Le attività di prevenzione delle nuove introduzioni e il rilevamento precoce delle specie aliene più invasive si dimostrano particolarmente importanti, perché in genere l’eradicazione di una specie aliena invasiva è più efficace se il fenomeno si trova ancora nelle fasi iniziali. Per questo motivo viene raccomandata, in generale, la creazione di un sistema di pre-allarme (“early warning system”; Genovesi et al., 2015). Uno strumento legislativo che potrà contribuire a mitigare i problemi causati dalle invasioni biologiche è rappresentato dal Regolamento 1143/2014 adottato dall’Unione Europea ed entrato in vigore nel 2015, che riprende l’approccio gerarchico raccomandato dalla Convezione della Biodiversità per la gestione delle specie aliene invasive (prevenzione, allerta precoce e intervento rapido; mitigazione e controllo), puntando molto sull’aspetto preventivo e imponendo una serie di divieti e obblighi al fine di promuovere una più efficace gestione delle specie aliene invasive già presenti in un dato territorio e inserite nella lista delle specie aliene invasive di rilevanza unionale (Genovesi et al., 2015).
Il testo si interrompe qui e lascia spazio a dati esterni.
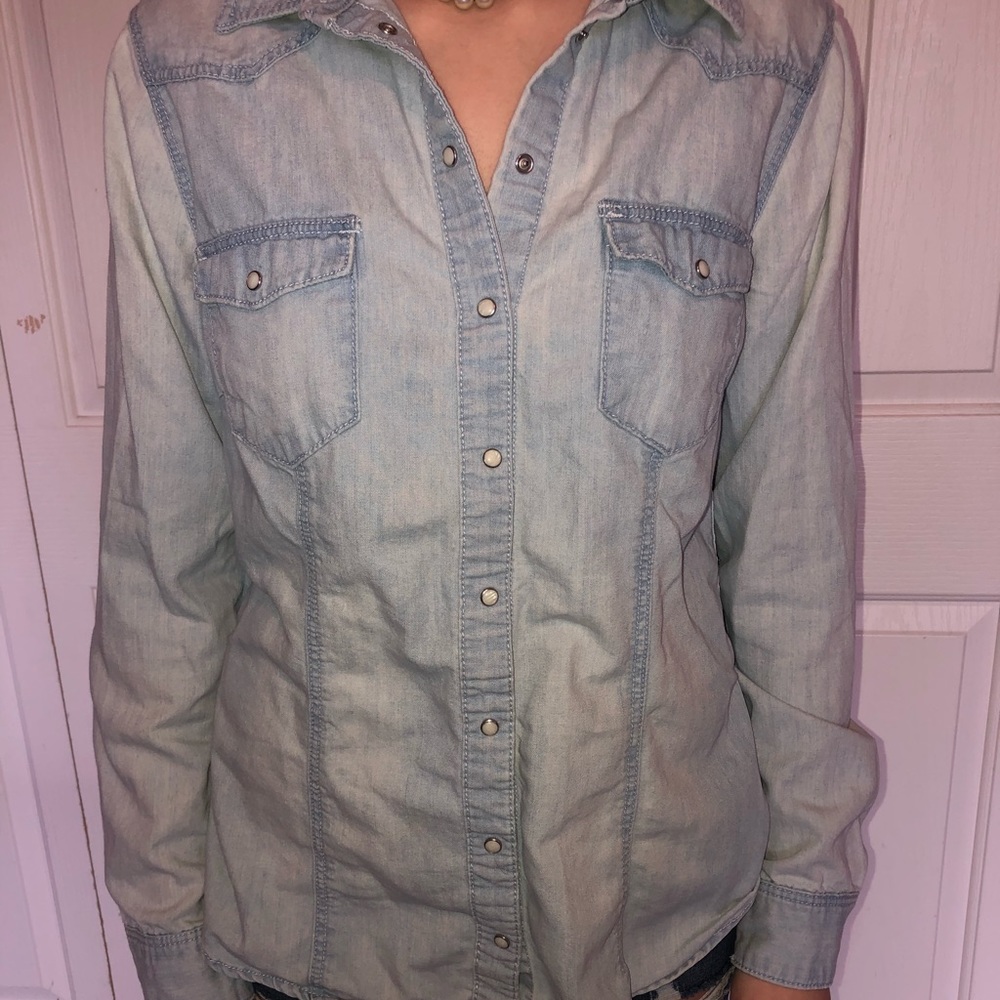 H&M denim button down shirt
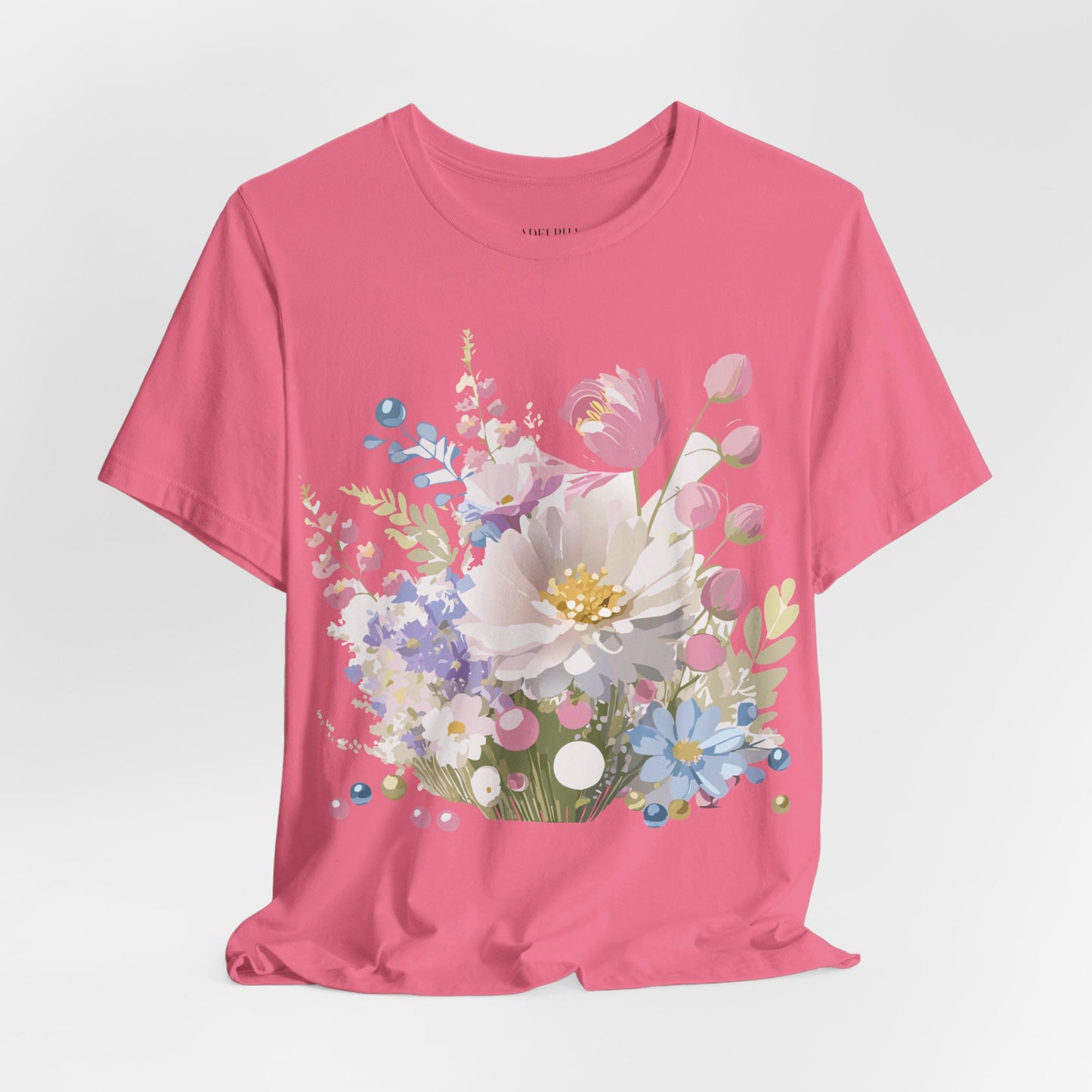 Natural Cotton Tee Shirt with Flowers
Il gamberetto Dikerogammarus villosus (Sowinsky, 1894) deve il suo appellativo di “gamberetto killer” (killer shrimp) per il suo comportamento estremamente aggressivo e per la sua voracità predatoria. Si tratta di un crostaceo della famiglia Gammaridae(Malacostraca-Amphipoda), lungo pochi centimetri, originario della regione tra il Mar Caspio e il Mar Nero, il bacino del Danubio e i suoi affluenti in Europa centrale e dell’Est. Si ritiene che la sua diffusione nel resto d’Europa abbia avuto inizio successivamente all’apertura del canale Reno-Meno-Danubio nel 1992. La sua progressiva diffusione in Europa minaccia la diversità delle altre specie di gammaridi autoctone, sostituendosi velocemente ad esse, nonché le intere comunità biologiche acquatiche presenti, alterando le reti alimentari, grazie ad alcune caratteristiche biologiche ed ecologiche che ne determinano il suo elevato grado di invasività (Rewicz et al., 2014). La specie è stata infatti inserita tra le 100 peggiori specie invasive d’Europa (DAISIE, Delivering Alien Invasive Species Inventories for Europe, 2009). È caratterizzata da tassi di crescita eccezionalmente elevati, un ciclo vitale molto veloce, raggiungendo molto presto la maturità sessuale, una lunga durata del periodo riproduttivo e una elevata capacità riproduttiva (una femmina può incubare nella camera ventrale fino a 50 uova fecondate). Dal punto di vista dell’alimentazione, oltre a essere un detritivoro, è anche un vorace predatore non solo di altri macroinvertebrati ma anche di uova e larve di pesci (Casellato et al., 2007; Rewicz et al., 2014). È in grado di tollerare basse concentrazioni di ossigeno disciolto e ampi intervalli di temperatura e salinità; può adattarsi a diversi tipi di substrati, favorito in questo dalla sua colorazione polimorfica (uniforme, o a bande, o a macchie) (Devin et al., 2004). Gli impatti a livello locale sono quindi estremamente negativi, tali da causare estinzioni locali di specie e una conseguente riduzione della biodiversità.
In Italia la sua presenza è stata registrata per la prima volta a partire dal 2003 nel lago di Garda, nel fiume Po e nel Mincio (Casellato et al., 2006; Casellato, 2007), nel Lago d’Iseo (Bacela-Spychalska et al., 2013) e nel 2008-2009 è stato ritrovato nel Lago di Bilancino in Toscana (Tricarico et al., 2010). La sua presenza in Umbria nel lago Trasimeno è stata segnalata per la prima volta a maggio 2017 nelle acque lacustri costiere di Castiglione del Lago.